## DIRECTIONS
Below are some records. Return exactly the lines from the one with "Henredon Chaise. Measures" to the one with "Photo of Suami", and nothing else.
-------- INPUT RECORDS --------
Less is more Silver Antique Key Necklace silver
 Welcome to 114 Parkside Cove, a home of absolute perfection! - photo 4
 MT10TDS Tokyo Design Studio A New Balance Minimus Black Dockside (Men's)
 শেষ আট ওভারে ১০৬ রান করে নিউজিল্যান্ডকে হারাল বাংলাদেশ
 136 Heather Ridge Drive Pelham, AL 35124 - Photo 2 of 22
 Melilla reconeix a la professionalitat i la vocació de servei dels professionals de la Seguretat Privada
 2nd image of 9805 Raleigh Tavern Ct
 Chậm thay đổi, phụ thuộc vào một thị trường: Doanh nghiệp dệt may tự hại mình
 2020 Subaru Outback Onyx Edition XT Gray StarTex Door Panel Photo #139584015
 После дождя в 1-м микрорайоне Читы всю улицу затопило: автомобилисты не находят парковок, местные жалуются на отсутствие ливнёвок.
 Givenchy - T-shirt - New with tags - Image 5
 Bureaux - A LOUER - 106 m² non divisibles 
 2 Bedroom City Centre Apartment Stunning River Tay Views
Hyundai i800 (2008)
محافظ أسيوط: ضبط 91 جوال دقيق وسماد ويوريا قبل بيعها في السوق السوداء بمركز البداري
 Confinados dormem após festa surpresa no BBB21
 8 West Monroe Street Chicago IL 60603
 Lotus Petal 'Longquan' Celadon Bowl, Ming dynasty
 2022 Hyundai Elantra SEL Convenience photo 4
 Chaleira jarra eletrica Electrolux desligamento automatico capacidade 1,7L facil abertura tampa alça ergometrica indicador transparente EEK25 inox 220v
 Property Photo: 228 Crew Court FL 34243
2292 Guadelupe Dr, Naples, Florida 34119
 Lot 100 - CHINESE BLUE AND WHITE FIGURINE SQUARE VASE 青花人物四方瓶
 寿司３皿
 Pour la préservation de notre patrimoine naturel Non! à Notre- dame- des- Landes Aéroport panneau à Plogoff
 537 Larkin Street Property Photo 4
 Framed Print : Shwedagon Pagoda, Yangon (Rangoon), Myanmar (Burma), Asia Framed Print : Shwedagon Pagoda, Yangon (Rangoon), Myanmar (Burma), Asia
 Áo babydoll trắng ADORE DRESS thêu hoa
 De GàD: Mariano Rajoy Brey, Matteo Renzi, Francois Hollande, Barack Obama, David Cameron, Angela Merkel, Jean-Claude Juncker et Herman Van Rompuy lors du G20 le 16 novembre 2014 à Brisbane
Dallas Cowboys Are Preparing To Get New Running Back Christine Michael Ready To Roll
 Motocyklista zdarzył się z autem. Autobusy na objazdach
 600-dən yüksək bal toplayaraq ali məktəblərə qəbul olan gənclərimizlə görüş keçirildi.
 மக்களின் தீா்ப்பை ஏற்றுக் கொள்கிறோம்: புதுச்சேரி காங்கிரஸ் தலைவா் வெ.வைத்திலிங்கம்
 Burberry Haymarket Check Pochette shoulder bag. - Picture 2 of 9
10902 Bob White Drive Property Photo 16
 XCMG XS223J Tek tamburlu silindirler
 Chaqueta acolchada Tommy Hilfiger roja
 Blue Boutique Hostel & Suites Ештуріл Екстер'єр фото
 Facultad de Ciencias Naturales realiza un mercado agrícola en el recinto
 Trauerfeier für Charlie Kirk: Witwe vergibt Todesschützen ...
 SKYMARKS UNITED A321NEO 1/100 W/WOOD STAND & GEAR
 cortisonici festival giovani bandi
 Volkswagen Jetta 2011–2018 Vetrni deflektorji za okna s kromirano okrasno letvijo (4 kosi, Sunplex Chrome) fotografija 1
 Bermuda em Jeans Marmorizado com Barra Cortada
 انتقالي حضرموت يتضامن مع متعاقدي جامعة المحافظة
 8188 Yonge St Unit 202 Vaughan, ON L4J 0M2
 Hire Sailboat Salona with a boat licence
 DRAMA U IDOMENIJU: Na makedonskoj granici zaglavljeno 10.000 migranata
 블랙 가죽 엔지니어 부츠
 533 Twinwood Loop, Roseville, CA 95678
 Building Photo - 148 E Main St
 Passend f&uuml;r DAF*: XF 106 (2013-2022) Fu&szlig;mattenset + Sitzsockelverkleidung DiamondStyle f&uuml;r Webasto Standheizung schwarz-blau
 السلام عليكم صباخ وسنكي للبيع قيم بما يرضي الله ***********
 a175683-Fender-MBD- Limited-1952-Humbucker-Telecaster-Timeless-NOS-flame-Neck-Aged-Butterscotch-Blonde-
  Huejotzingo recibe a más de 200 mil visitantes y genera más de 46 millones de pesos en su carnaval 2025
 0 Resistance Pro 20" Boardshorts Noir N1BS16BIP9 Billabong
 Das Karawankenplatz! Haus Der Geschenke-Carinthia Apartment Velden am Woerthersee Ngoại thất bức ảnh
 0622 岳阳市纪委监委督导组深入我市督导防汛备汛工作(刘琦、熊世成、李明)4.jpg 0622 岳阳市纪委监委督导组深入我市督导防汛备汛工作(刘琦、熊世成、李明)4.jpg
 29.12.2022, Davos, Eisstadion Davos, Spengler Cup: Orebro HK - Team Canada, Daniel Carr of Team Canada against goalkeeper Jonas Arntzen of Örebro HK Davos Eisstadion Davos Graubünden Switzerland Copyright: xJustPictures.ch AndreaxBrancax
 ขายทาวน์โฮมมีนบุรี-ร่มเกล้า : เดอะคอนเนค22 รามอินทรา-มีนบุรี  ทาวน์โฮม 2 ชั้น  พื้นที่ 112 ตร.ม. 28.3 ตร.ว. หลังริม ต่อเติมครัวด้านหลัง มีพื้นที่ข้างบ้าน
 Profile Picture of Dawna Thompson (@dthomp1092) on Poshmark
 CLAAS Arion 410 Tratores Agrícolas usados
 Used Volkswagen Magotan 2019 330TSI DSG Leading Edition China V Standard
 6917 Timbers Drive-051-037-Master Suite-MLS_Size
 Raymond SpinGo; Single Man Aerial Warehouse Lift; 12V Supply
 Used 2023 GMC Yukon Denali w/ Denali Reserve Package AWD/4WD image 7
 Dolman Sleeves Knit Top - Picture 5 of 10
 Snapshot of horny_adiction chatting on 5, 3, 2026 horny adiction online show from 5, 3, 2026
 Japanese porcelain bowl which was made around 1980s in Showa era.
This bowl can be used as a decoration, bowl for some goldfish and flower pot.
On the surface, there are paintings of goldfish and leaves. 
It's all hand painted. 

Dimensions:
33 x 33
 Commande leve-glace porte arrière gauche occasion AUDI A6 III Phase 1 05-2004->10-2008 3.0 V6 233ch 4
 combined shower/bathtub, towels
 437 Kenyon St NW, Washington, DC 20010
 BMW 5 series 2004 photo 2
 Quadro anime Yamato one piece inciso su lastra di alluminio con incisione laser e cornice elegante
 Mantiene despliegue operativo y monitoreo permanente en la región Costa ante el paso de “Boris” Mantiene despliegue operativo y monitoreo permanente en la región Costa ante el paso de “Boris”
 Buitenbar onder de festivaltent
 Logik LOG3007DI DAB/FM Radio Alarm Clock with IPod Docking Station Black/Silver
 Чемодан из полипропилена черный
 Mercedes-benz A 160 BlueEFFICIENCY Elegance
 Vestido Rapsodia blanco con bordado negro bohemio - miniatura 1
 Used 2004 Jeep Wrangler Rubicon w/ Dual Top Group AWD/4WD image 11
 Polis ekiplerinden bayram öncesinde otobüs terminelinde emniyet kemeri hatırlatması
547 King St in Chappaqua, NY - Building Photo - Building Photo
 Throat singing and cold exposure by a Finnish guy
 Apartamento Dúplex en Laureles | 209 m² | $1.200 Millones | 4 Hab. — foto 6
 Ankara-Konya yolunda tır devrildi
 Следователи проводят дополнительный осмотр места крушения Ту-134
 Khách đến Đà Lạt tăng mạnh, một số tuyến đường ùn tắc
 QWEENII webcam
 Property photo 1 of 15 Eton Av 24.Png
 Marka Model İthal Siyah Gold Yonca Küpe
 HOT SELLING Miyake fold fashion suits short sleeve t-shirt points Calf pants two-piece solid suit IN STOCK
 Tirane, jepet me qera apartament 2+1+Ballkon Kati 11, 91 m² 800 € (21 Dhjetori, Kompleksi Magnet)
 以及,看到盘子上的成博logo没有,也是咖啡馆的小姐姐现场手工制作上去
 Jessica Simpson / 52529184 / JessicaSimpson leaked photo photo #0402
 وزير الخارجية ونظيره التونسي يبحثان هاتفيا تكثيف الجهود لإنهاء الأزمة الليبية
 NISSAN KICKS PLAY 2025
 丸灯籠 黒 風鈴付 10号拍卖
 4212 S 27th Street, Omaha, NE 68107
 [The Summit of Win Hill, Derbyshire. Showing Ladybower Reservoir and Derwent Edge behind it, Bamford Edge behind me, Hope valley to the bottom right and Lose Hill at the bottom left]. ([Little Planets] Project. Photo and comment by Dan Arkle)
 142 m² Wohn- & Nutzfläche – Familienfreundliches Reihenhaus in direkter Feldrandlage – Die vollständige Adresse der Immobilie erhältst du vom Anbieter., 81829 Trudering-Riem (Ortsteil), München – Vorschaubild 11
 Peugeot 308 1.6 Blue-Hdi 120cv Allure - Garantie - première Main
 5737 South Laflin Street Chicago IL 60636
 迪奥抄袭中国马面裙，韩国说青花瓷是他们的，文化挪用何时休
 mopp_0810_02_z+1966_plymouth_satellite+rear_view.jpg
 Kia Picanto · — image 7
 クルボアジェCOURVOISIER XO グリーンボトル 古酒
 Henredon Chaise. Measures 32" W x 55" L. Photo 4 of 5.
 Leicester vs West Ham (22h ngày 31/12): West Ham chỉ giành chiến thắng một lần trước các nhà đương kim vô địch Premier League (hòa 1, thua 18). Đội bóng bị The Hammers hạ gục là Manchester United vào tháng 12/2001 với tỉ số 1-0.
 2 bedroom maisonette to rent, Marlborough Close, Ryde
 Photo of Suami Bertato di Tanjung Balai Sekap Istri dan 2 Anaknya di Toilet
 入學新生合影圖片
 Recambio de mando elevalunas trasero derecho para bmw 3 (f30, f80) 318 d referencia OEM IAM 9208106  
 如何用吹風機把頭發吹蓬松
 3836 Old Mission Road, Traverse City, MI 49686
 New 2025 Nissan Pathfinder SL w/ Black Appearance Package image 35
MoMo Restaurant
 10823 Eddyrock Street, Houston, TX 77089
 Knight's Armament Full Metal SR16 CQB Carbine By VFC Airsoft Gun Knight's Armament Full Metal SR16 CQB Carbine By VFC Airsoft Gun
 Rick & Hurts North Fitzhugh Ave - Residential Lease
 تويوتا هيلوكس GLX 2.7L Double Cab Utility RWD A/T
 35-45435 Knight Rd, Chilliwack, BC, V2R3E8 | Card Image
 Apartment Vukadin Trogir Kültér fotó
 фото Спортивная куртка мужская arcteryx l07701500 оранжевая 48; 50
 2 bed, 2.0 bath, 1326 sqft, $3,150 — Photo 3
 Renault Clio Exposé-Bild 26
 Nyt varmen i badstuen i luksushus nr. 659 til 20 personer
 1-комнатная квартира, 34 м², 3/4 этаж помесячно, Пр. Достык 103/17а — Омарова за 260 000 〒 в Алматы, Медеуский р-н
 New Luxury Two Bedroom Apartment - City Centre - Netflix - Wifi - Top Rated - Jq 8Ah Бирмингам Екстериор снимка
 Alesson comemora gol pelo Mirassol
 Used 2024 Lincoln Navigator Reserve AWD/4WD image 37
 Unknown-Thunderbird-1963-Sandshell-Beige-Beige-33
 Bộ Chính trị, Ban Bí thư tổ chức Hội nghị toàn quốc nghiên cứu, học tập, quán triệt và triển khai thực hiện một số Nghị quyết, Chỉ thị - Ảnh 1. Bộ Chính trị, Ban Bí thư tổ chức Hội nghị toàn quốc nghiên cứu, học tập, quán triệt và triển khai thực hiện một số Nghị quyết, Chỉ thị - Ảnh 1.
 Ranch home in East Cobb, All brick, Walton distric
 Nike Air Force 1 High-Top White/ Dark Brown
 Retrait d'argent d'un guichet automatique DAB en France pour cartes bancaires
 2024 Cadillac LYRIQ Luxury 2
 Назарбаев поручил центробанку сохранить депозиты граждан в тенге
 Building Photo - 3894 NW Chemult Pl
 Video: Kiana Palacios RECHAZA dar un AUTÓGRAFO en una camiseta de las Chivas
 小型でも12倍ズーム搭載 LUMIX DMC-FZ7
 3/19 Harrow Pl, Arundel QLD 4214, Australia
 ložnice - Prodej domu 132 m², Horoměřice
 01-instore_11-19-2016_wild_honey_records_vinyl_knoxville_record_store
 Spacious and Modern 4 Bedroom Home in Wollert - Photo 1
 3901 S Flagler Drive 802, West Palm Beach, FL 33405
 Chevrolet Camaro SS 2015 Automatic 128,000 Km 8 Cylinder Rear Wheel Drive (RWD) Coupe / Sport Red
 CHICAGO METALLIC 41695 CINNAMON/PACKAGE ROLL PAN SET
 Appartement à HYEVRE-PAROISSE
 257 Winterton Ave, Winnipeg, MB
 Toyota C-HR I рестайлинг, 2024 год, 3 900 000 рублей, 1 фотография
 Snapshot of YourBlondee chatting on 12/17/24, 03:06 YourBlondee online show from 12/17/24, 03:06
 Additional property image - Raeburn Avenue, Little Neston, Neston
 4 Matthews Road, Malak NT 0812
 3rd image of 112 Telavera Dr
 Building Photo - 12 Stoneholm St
--------
## OUTPUT OF THE TASK
 Henredon Chaise. Measures 32" W x 55" L. Photo 4 of 5.
 Leicester vs West Ham (22h ngày 31/12): West Ham chỉ giành chiến thắng một lần trước các nhà đương kim vô địch Premier League (hòa 1, thua 18). Đội bóng bị The Hammers hạ gục là Manchester United vào tháng 12/2001 với tỉ số 1-0.
 2 bedroom maisonette to rent, Marlborough Close, Ryde
 Photo of Suami Bertato di Tanjung Balai Sekap Istri dan 2 Anaknya di Toilet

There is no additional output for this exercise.